Ref:	A) State 208799	B) State 22531

1.	Summary.  Department has received numerous inquiries concerning the 
scope of INA 222(g), in particular relating to whether the alien has 
remained in the U.S. “beyond the period of stay authorized by the Attorney 
General.”  We have discussed the issue with INS Headquarters, which 
provided certain guidance outlined below.  Posts are reminded that 222(g) 
applies only to aliens (1) who have been admitted on the basis of a 
nonimmigrant visa and (2) who remained in the U.S.  beyond their authorized 
period of stay.  222(g) does not apply to aliens who enter the U.S. without 
a visa (e.g.
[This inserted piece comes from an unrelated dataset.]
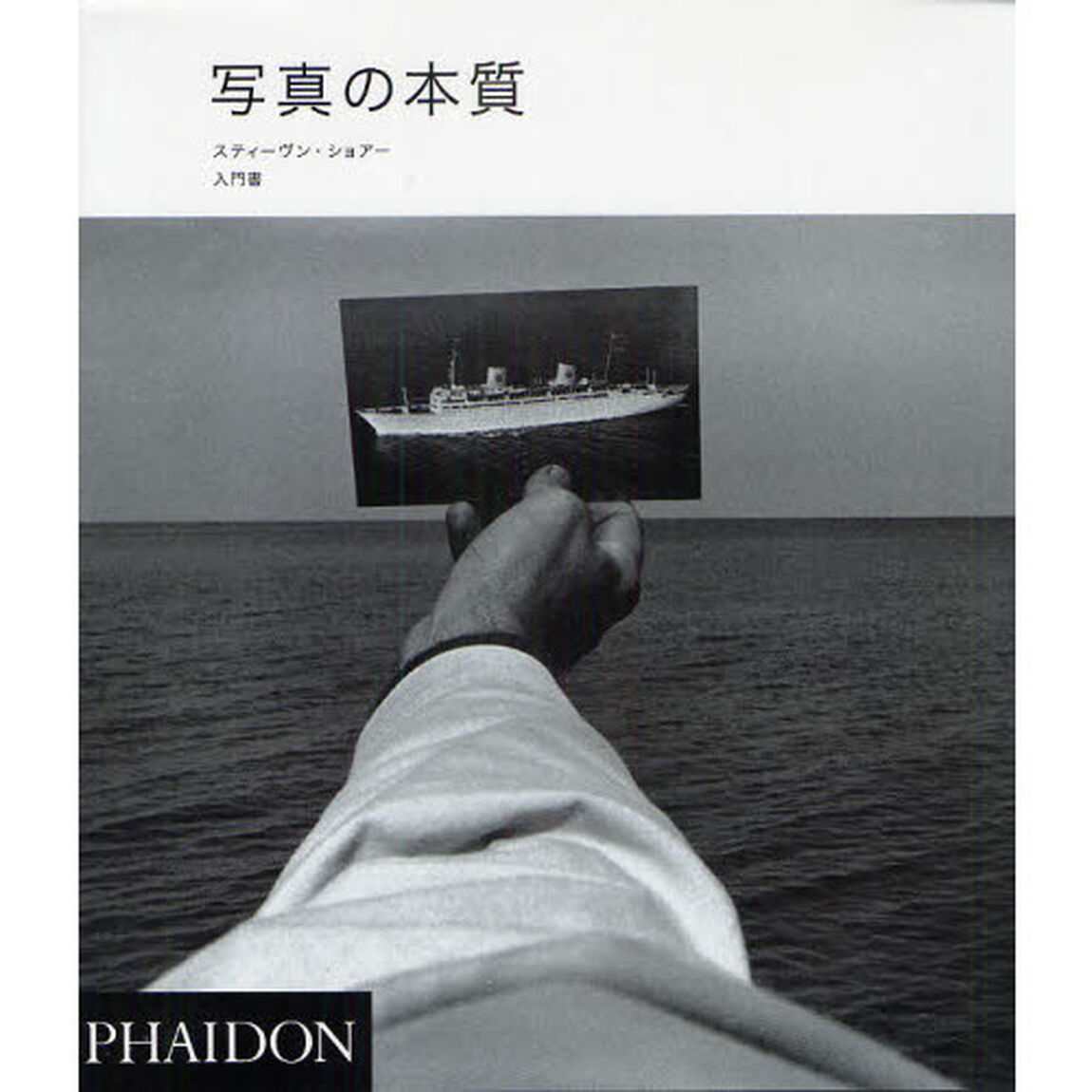 写真の本質　入門書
VWPP travelers, aliens who enter without inspection, etc.).  
It does not apply to parolees, it also does not apply to aliens who fell 
out-of-status for some reason other than an overstay.  Aliens who enter on 
a nonimmigrant visa and subsequently apply for asylum would still be 
subject to 222(g) if they stay in the U.S. beyond the period authorized 
under the NIV.  Conversely, aliens who remain in the U.S. beyond the 
authorized period of stay on an NIV but who are accorded temporary 
protective status (TPS) prior tot he expiration of their authorized stay 
are not subject to 222(g), provided they remain covered by TPS throughout 
their stay in the U.S. End Summary.

 Alien Must Have Entered on an NIV

2.	Admitted (into the U.S.) on the basis of a nonimmigrant visa.”  Aliens 
who enter the U.S. on some basis other than an NIV, or who are present in 
the U.S. without having been admitted, are not covered by 222(g).  Thus, an 
alien who is paroled into the U.S. or who enters the U.S. on the Visa 
Waiver Pilot Program (VWPP) or under some other waiver provision (e.g., 
Canadian Nationals) is not subject to INA 222(g), even if the alien stays 
beyond the authorized period of parole or remains beyond the period of stay 
authorized upon admission.  Aliens who entered the U.S. without inspection 
(EWI), although not in lawful status, are also not covered by 222(g), as 
they were not admitted on the basis of an NIV.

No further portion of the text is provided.